Banche, l'ombra del downgrade in Borsa. In una settimana in fumo 8 miliardi
La politica entra a gambe tese sui mercati e nelle tasche degli investitori.Lo spread sale e i bond vigilantes si innervosiscono. Ko le quotazioni delle banche
di Luca Spoldi
e Andrea Deugeni
Una serie di bozze di “contratti di governo” che hanno finora previsto misure il cui costo oscilla tra i 100 e i 125 miliardi di euro secondo l’Osservatorio conti pubblici italiani (Cpi) guidato dall’ex commissario alla spending review Mario Cottarelli, a fronte delle quali finora sono state indicate coperture certe per appena 500 milioni di euro impensieriscono i bond vigilantes e mandano al tappeto le quotazioni delle banche italiane, tra l’altro le più dipendenti tra tutte quelle europee dai rifinanziamenti elargiti in questi ultimi anni dalla Bce. Banche che hanno in pancia il 20% dei titoli del debito pubblico italiano.
A pesare è anzitutto il rischio di un downgrade del rating sovrano italiano che potrebbe significare, a cascata, un peggioramento anche del merito di credito dei vari istituti e dunque un costo del funding più elevato: se ieri il responsabile dei rating sovrani di Moody’s, Dietmar Hornung, aveva segnalato di stare monitorando gli sviluppi per valutarne l’impatto sulla sostenibilità del debito, oggi è stata Dbrs (che ha attualmente una valutazione “BBB” sull’Italia) a giudicare “inverosimili” le proposte fiscali emerse dalle bozze di contratto di governo, in quanto metterebbero a rischio il rapporto debito/Pil.

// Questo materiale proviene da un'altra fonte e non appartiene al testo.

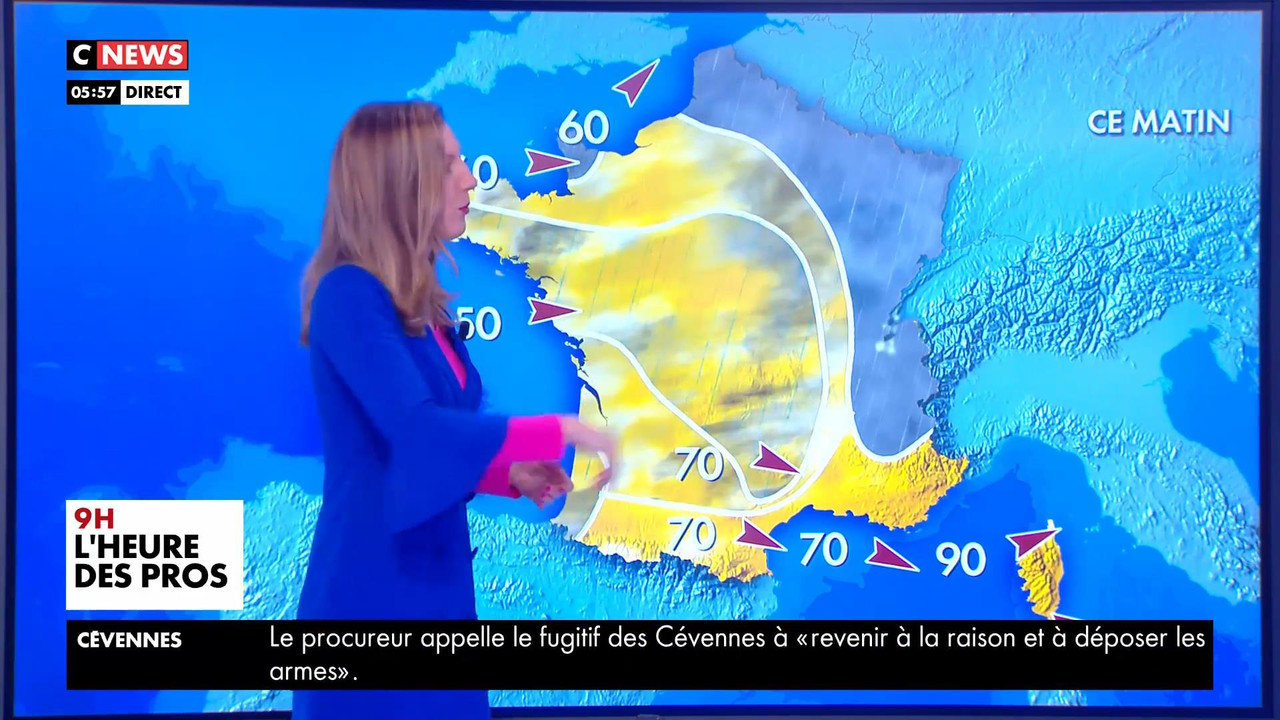 05.13 - 04.56.00 - Météo. Suivze Le Bulletin Météorologique De C8 Pou...-1.m4v_snapshot_00.03.26_[20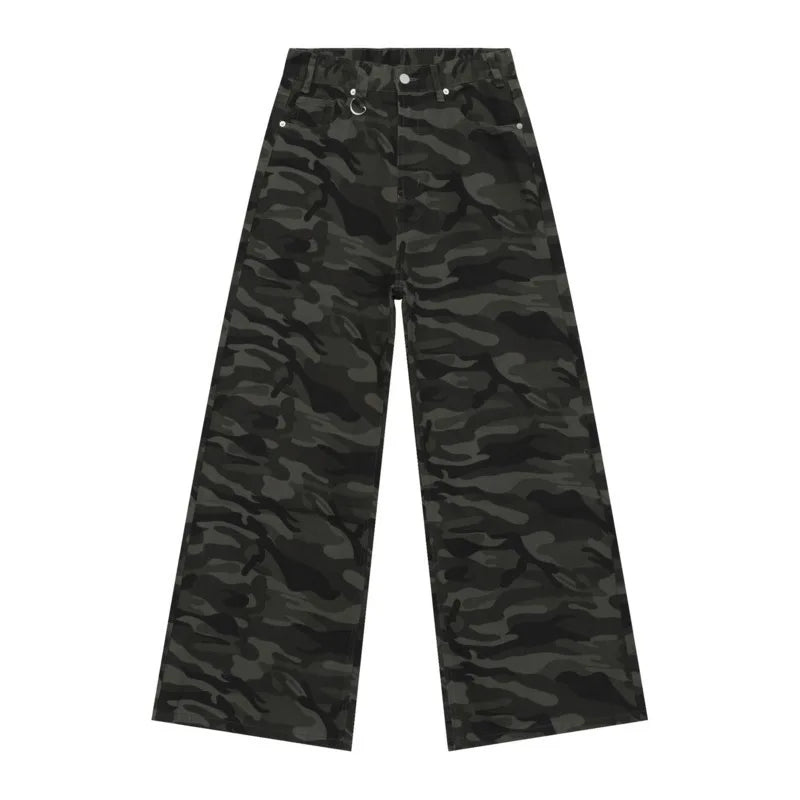 Camouflage loose jeans
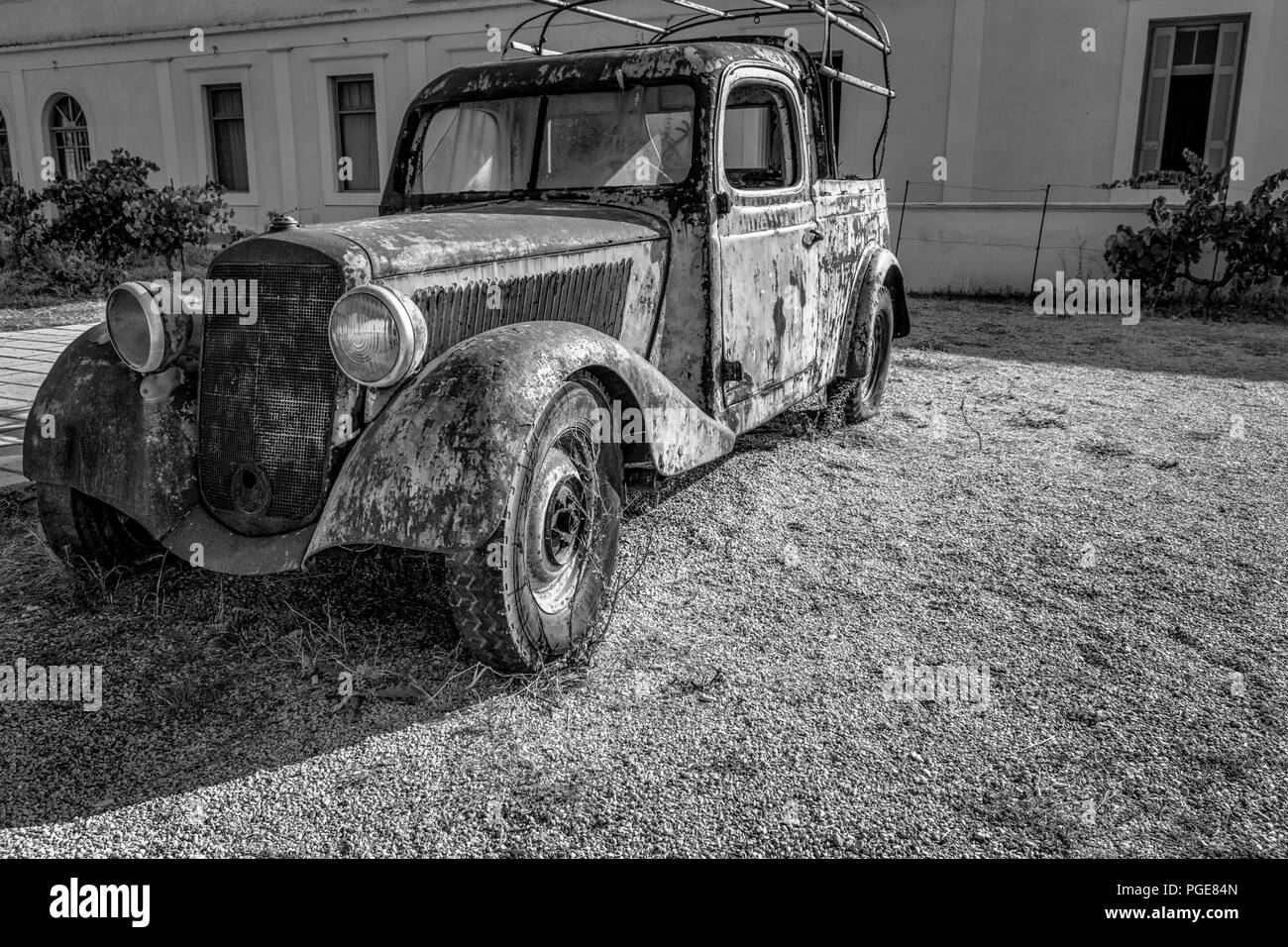 Das ist ein Bild von einem alten verrosteten Lkw außerhalb einer Farm in Griechenland. Stockfoto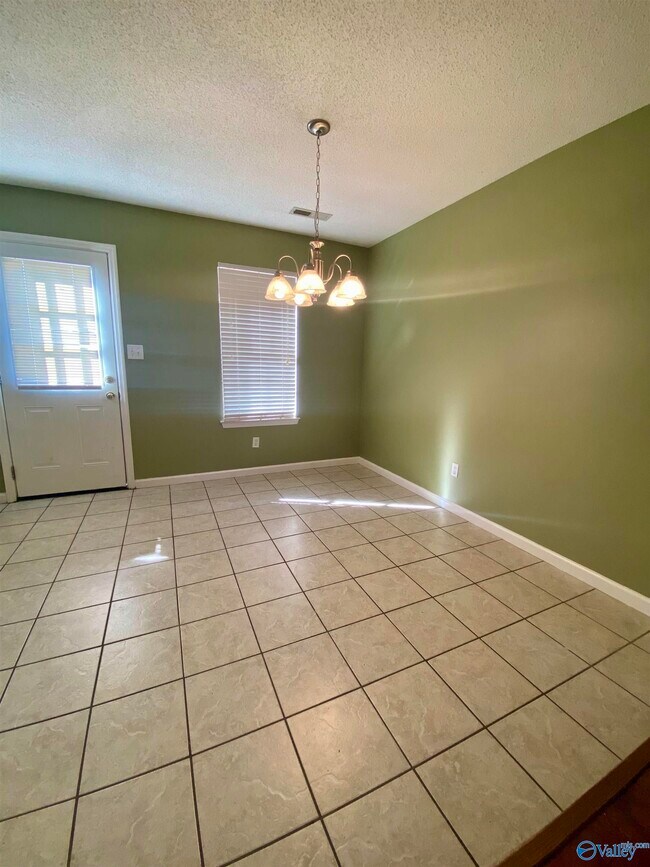 Building Photo - 242 Comet Dr
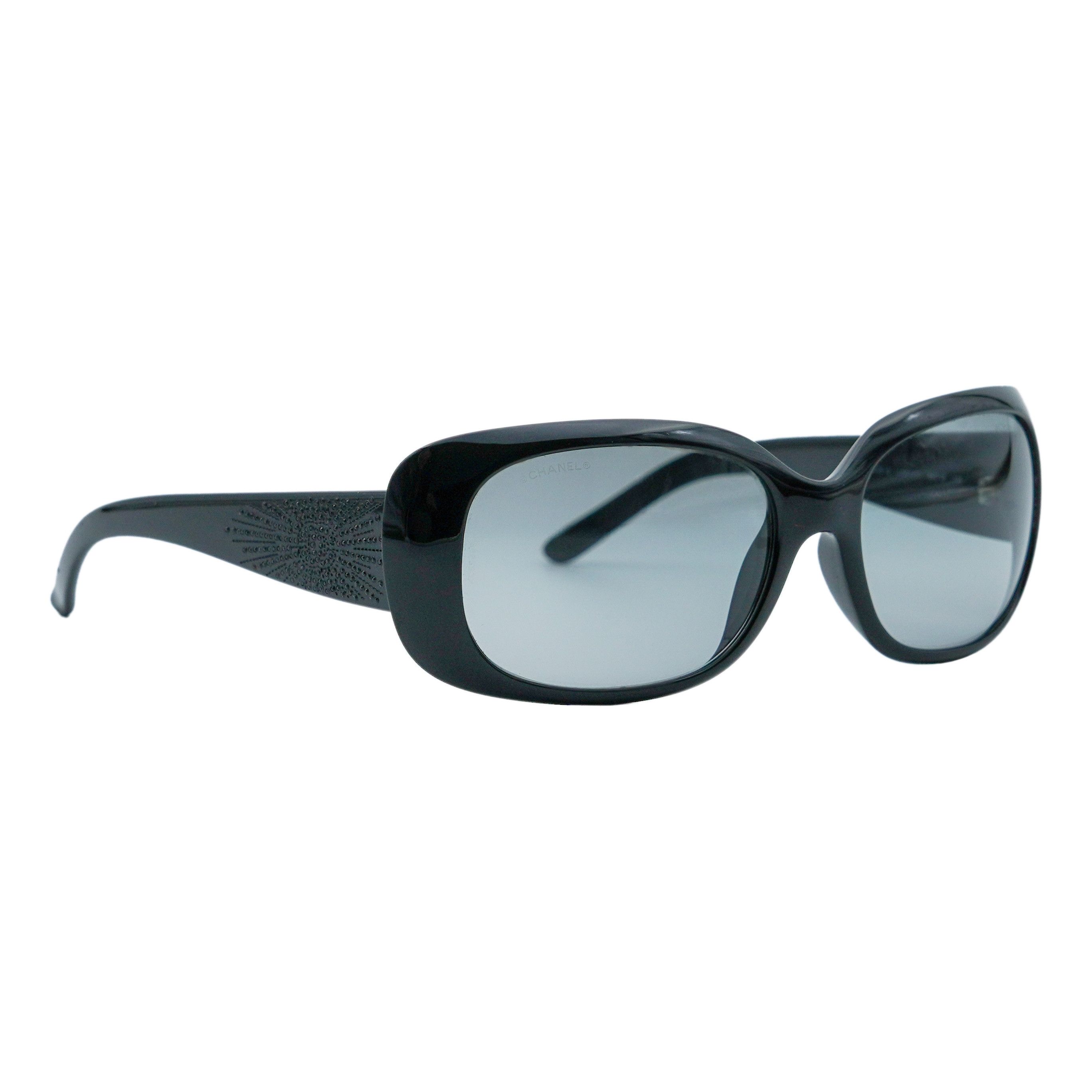 CHANEL Camellia CC Logo Sunglasses Y2K 【公式通販】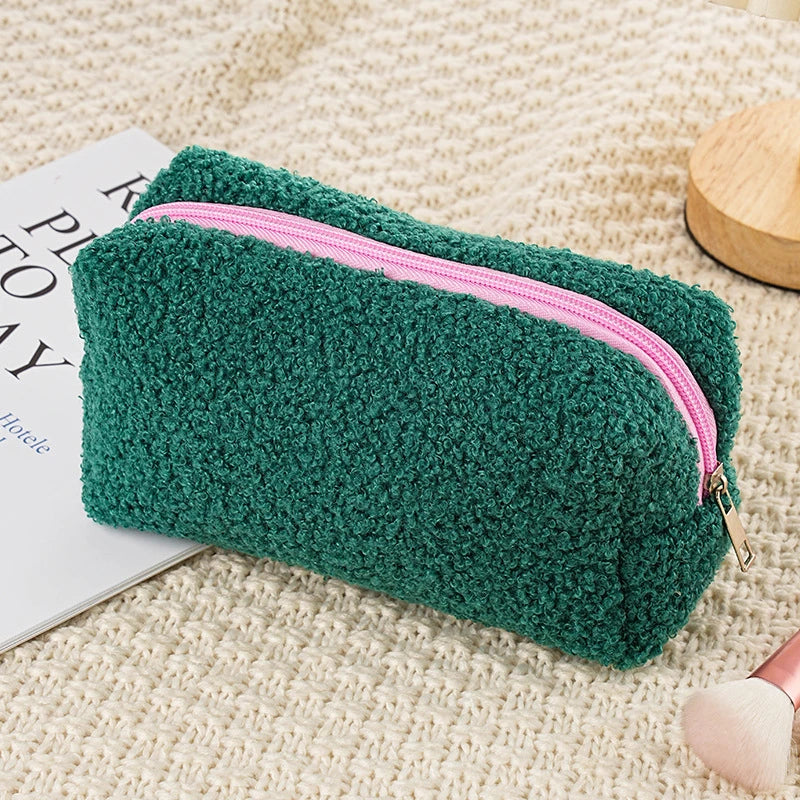 Custom Color Sherpa Fleece Cosmetic Pouch Teddy Fabric Makeup Storage Bag Zipper Closure OEM Bulk Order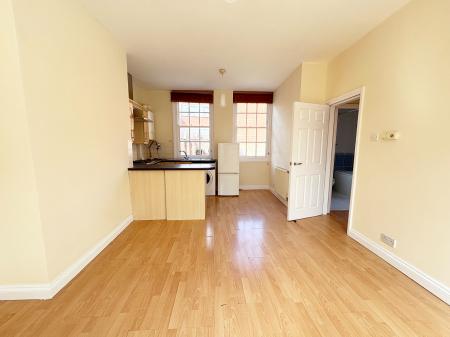 2 bedroom Flat to let in Mill Hill Lane, City Centre, Leicester, LE2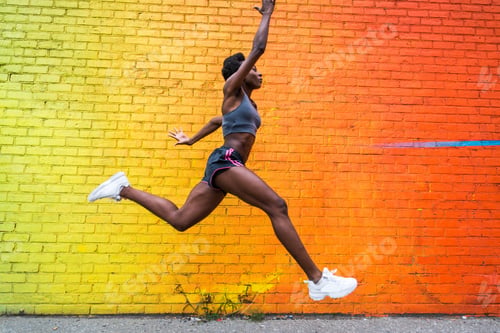 Preview: Woman running in New York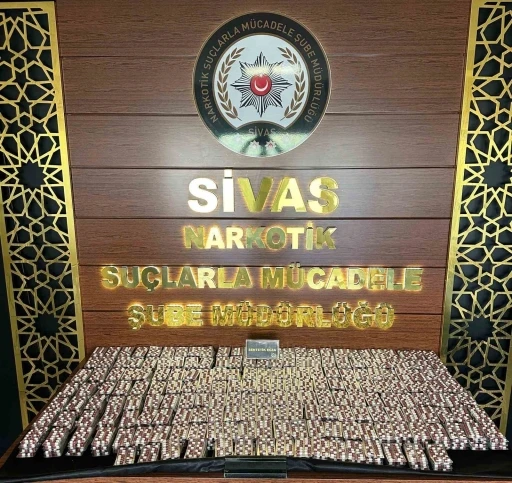 Sivas’ta 13 bin 821 sentetik ecza hap ele geçirildi: 3 tutuklama
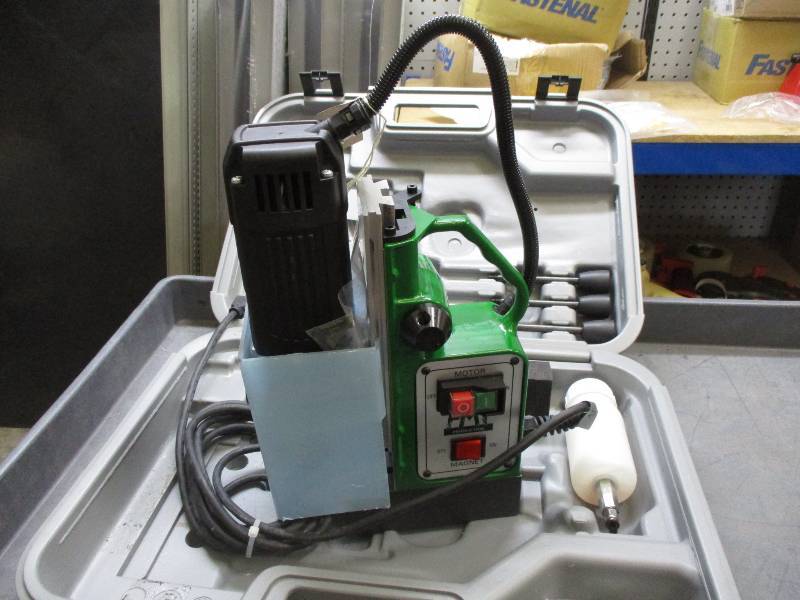 MagBoss Magnetic Drill Press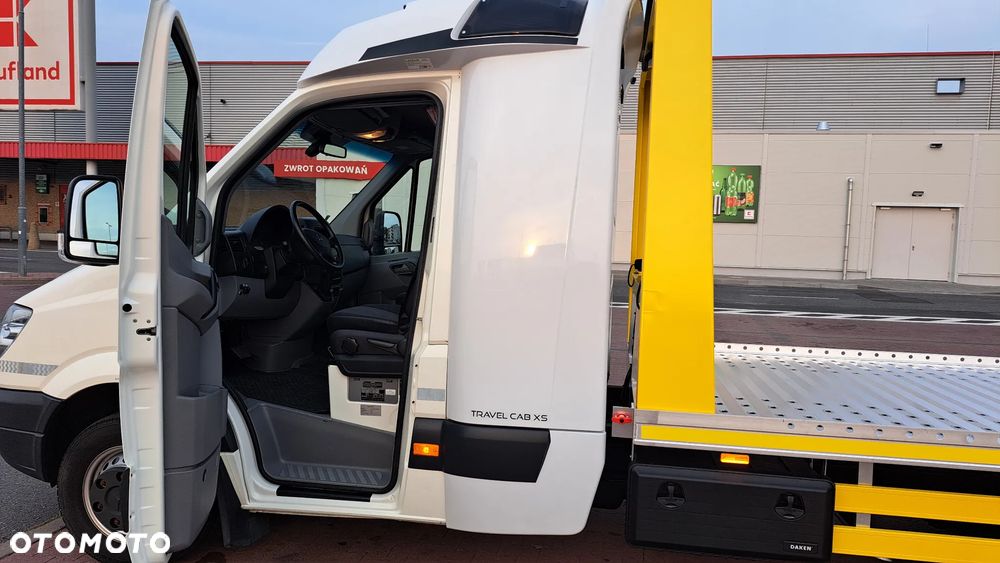 Mercedes-Benz Sprinter 519 - 11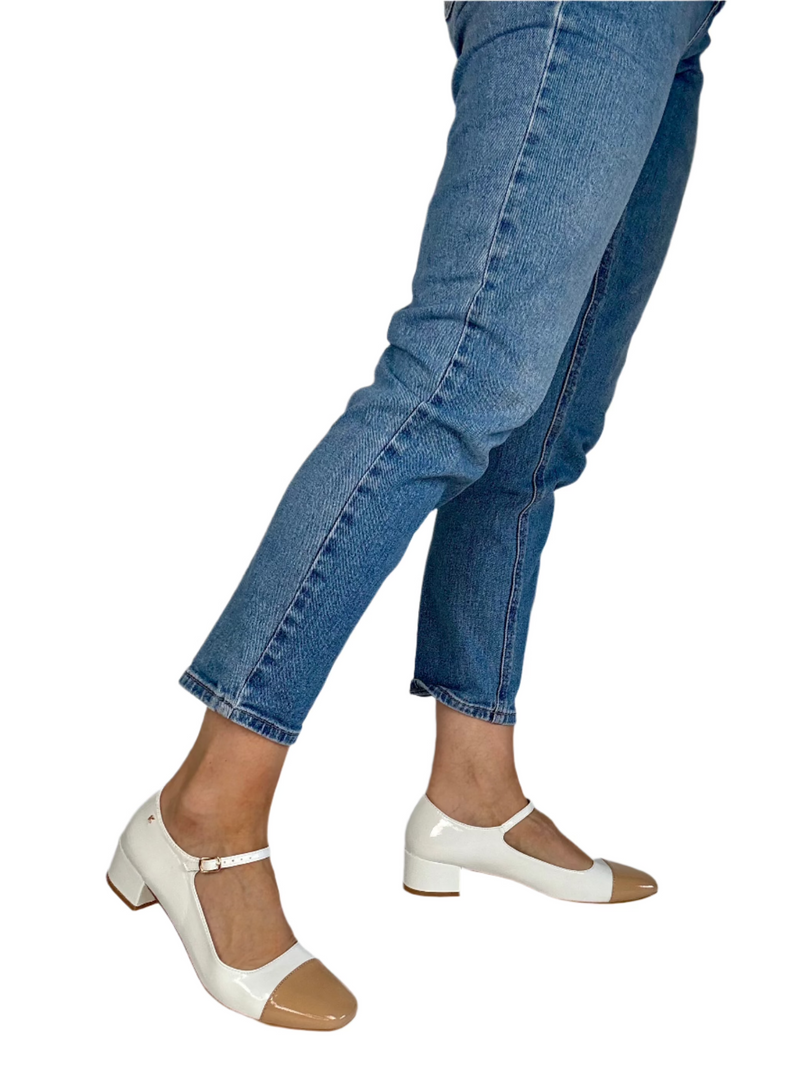 Load image into Gallery viewer, closed toe heels
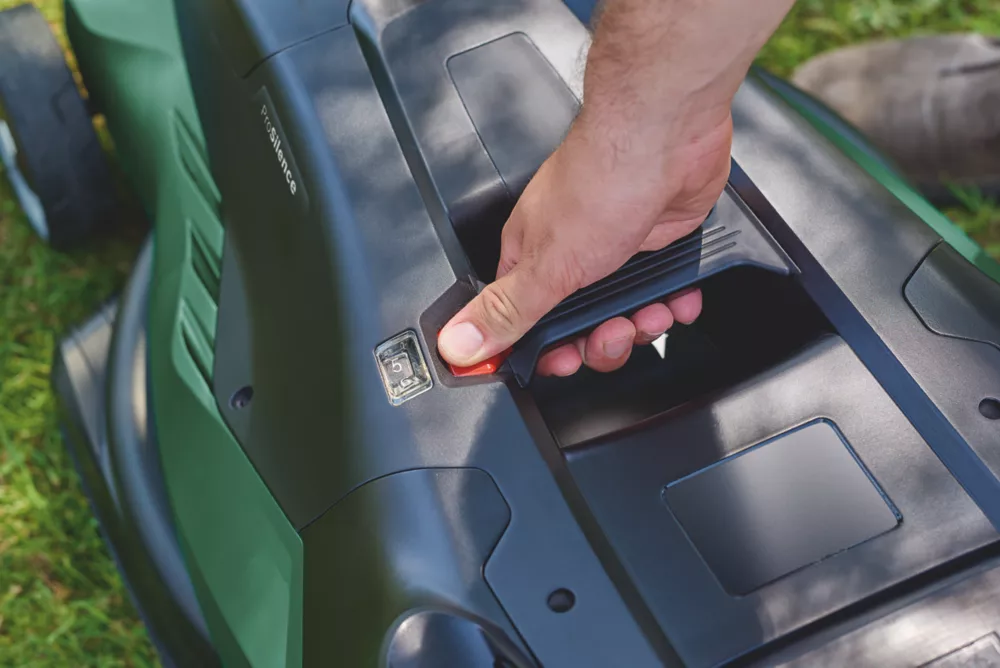 Bosch AdvancedRotak 650 1700W 42cm Lawn Mower 240V 4 Bosch AdvancedRotak 650 1700W 42cm Lawn Mower 240V - Image 2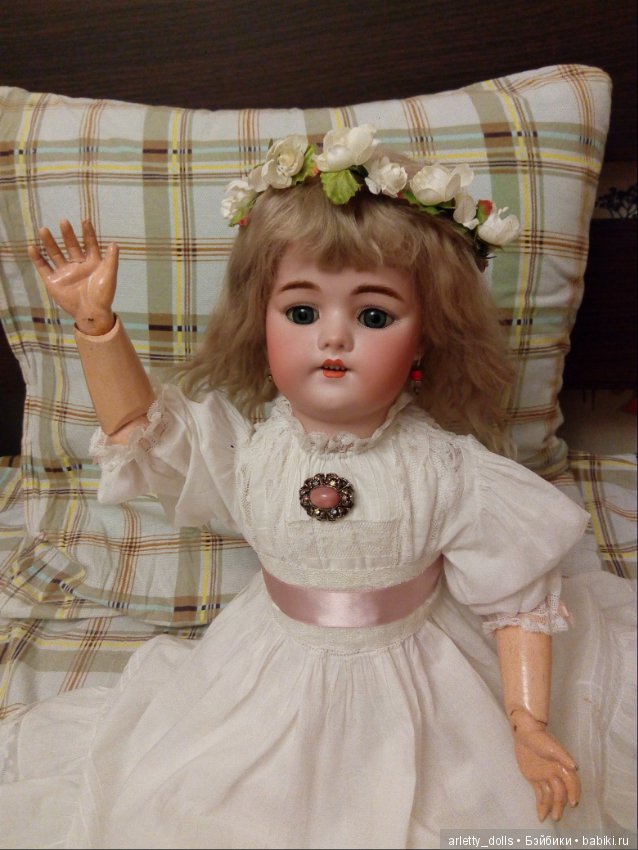 Антикварная куколка Simon and Halbig 1079 Dep дома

Così rispetto alla chiusura di venerdì scorso a Piazza Affari il comparto bancario ha finora bruciato circa 7,85 miliardi di euro di capitalizzazione, ossia in media circa il 6,4%. All’interno del settore c’è però chi è riuscito a contenere i danni, almeno percentualmente, e chi ha sofferto maggiormente. Intesa Sanpaolo, ad esempio, ha sì visto calare di oltre 2,2 miliardi la propria capitalizzazione, ma ha contenuto a meno del 4,5% il calo percentuale.
Al contratrio Mps (di cui il governo sembra voler ridefinire piano industriale e governance, non rispettando l'accordo con la Commissione di Bruxelles che prevede l'uscita dello Stato dalla banca una volta completato il piano di ristrutturazione) ha accusato il calo percentuale maggiore (-9,4%) pur perdendo “solo” 310 milioni di euro di capitalizzazione.
Un andamento che ha spinto anche i bancari dell'istituto senese a emettere una nota indirizzata a M5S e Lega per sottolineare che "fare dichiarazioni rispetto a futuri ipotetici scenari, a mercati aperti, ad una societa' quotata in borsa rischia di riversarsi negativamente sulle azioni".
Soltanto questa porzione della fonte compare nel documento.